__WHAT YOU SHOULD DO__. Quote each line of the material verbatim, without the pictures.

__INFORMATION PROVIDED__.

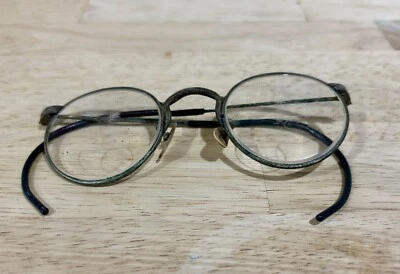 Antique Round Wire Eyeglasses Prescription Early 1900's Steampunk Ben Franklin - Image 1 of 4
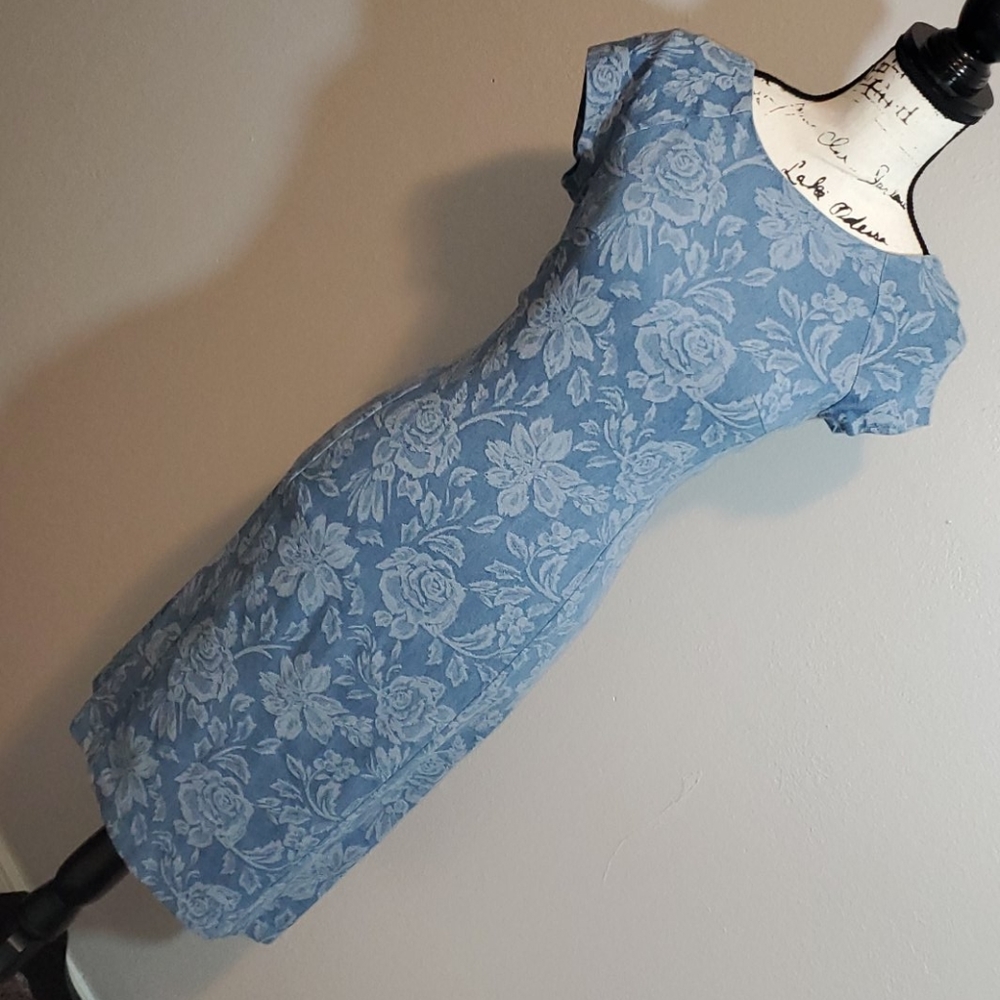 FLORAL DENIM STRETCH SEXY DRESS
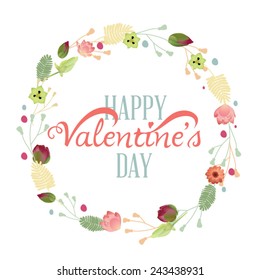 Happy Valentine's Day Hand Lettering - Typographical Background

__ANSWER TO THIS EXERCISE__.
 Antique Round Wire Eyeglasses Prescription Early 1900's Steampunk Ben Franklin - Image 1 of 4
 FLORAL DENIM STRETCH SEXY DRESS
 Happy Valentine's Day Hand Lettering - Typographical Background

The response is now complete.